YOUR GOAL: Please repeat the line that has "Κόσμος στο Αττικόν" and all lines after it, exactly as they appear, through the end of the entries.

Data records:
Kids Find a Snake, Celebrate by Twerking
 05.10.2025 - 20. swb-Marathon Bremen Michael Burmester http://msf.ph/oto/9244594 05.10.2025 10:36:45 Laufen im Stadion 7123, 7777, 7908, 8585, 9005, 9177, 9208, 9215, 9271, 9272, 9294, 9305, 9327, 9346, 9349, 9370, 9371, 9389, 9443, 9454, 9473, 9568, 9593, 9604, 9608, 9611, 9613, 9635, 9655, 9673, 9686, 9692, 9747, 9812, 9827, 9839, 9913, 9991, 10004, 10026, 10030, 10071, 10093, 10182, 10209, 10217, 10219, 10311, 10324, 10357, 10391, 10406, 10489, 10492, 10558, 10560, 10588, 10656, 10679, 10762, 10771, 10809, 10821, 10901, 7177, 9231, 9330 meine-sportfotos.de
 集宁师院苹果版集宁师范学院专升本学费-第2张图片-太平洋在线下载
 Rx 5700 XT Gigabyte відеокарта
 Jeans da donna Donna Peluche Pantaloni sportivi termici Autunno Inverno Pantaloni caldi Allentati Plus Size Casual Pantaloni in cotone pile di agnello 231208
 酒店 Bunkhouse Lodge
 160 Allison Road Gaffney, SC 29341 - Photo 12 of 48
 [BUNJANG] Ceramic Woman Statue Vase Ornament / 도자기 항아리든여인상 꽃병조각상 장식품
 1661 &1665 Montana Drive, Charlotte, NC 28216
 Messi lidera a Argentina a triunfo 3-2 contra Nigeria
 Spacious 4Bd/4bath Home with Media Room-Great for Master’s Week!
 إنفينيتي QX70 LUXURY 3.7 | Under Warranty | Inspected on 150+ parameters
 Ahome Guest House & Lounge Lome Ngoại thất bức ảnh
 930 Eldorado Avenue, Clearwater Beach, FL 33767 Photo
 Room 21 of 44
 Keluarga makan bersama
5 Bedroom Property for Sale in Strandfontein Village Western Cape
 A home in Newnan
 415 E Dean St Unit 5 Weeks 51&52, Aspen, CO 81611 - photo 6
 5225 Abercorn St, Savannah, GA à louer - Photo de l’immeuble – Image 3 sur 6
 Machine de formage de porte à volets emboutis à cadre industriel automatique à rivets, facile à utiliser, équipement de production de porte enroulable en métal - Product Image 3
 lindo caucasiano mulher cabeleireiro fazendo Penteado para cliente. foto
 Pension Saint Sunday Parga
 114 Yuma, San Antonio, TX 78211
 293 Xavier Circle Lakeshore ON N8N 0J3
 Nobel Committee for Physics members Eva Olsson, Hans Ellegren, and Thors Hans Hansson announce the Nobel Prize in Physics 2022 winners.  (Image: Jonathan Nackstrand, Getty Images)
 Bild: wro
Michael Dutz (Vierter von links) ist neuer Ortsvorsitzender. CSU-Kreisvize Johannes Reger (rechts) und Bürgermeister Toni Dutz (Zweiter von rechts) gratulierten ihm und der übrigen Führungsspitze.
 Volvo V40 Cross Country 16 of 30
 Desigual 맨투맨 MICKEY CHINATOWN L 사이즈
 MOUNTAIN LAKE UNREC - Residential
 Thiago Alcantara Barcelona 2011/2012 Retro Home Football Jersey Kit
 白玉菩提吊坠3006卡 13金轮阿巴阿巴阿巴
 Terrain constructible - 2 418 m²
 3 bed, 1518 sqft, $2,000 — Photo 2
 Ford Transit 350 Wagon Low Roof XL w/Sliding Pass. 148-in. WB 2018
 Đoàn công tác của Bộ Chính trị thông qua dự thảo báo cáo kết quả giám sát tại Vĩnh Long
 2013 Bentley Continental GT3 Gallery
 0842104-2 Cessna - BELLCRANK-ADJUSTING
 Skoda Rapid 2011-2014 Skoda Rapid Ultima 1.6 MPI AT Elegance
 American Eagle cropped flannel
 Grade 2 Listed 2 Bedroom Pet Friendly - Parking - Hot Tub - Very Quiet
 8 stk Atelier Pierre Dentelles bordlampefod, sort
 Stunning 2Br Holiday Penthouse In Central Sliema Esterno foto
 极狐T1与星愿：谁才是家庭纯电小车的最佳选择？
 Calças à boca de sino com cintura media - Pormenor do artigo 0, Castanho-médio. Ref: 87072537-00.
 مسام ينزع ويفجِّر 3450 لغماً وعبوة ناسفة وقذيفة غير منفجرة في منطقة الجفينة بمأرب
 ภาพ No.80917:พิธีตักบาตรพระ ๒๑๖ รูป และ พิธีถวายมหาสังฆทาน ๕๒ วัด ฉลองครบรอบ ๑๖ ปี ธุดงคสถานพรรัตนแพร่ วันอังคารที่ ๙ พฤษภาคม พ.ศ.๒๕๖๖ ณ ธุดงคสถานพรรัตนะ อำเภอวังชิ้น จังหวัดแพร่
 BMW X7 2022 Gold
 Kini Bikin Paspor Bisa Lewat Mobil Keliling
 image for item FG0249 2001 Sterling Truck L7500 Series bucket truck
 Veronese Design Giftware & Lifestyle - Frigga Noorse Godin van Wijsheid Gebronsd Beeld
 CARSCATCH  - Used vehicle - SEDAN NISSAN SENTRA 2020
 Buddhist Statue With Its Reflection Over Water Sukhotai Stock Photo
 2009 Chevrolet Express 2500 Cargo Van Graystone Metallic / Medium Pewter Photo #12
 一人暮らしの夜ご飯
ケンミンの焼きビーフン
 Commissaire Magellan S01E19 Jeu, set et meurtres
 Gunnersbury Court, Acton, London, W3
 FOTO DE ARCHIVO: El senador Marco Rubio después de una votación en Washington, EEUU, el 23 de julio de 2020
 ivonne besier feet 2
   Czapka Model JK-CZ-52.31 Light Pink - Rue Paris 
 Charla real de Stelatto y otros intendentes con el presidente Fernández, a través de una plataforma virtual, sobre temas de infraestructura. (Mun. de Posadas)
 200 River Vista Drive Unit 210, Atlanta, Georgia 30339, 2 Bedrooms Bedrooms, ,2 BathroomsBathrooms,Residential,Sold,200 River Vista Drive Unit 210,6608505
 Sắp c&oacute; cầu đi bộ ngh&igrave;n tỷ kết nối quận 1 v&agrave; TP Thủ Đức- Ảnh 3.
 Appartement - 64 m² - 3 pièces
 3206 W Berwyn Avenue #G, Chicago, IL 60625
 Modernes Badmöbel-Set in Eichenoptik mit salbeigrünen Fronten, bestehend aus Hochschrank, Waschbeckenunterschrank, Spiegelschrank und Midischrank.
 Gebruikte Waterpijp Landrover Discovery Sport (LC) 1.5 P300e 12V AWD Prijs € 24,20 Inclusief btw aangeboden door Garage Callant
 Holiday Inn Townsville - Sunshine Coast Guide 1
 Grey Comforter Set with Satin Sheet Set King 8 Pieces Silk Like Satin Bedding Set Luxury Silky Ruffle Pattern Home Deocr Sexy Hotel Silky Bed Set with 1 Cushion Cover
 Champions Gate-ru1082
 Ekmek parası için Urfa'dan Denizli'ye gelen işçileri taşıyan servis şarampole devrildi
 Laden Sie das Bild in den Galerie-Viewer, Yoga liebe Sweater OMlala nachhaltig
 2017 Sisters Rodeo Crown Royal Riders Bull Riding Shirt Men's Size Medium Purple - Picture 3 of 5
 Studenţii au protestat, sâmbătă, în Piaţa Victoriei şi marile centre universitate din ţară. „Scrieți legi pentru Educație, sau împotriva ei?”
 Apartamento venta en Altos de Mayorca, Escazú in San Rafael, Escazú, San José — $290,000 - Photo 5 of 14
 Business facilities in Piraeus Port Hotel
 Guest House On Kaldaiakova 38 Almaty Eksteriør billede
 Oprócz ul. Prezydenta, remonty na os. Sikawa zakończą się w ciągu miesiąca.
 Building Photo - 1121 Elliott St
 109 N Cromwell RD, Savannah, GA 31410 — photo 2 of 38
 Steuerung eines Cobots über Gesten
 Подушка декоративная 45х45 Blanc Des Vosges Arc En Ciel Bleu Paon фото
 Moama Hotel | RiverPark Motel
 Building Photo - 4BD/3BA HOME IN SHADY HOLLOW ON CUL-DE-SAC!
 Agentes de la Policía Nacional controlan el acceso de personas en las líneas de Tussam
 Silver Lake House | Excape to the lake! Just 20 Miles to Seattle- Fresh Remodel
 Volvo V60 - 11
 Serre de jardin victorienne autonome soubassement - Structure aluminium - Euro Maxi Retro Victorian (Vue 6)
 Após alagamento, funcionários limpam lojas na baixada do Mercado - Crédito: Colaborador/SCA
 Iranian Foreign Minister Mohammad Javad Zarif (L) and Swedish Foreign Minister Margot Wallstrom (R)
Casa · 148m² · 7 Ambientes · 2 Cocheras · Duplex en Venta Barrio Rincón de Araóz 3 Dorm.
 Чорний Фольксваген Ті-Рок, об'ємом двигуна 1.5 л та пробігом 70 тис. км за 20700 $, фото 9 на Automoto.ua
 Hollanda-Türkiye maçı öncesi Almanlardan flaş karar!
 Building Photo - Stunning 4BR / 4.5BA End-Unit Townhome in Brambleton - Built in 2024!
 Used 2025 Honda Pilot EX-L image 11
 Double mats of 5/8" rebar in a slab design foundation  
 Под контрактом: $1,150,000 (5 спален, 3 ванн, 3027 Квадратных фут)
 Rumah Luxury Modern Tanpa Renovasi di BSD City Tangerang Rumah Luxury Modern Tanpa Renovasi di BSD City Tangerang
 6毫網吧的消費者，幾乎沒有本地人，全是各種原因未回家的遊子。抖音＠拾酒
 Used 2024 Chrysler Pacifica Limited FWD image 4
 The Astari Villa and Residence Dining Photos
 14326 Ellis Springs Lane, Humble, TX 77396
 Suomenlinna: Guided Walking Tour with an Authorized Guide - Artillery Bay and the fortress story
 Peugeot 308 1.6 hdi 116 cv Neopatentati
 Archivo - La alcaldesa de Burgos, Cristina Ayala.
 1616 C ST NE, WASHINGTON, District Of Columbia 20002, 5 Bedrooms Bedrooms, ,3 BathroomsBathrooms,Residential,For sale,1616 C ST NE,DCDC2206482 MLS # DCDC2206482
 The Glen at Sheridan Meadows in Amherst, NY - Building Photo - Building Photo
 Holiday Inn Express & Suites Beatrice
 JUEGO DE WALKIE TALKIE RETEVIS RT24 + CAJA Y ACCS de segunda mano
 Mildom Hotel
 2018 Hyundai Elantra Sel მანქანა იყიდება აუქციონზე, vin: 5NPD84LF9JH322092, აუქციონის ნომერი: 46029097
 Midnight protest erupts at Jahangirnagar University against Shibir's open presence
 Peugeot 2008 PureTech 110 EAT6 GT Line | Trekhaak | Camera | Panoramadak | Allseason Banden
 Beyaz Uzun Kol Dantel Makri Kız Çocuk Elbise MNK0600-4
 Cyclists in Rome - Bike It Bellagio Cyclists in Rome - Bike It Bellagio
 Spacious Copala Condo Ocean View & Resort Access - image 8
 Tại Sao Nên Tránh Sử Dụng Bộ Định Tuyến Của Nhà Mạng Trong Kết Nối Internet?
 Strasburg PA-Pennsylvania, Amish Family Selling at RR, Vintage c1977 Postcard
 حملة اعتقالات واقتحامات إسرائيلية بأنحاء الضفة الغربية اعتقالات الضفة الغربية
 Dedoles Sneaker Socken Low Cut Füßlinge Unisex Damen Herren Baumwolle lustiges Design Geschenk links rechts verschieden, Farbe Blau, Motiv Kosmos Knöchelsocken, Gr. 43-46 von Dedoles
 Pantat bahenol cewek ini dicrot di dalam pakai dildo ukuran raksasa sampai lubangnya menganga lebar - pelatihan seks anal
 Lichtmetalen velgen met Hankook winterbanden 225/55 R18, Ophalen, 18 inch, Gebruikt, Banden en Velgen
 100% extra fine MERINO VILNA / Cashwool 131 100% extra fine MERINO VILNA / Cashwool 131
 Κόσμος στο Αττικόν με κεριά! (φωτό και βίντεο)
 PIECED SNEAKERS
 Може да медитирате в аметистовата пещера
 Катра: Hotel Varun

SOLUTION FOR THIS EXERCISE:
 Κόσμος στο Αττικόν με κεριά! (φωτό και βίντεο)
 PIECED SNEAKERS
 Може да медитирате в аметистовата пещера
 Катра: Hotel Varun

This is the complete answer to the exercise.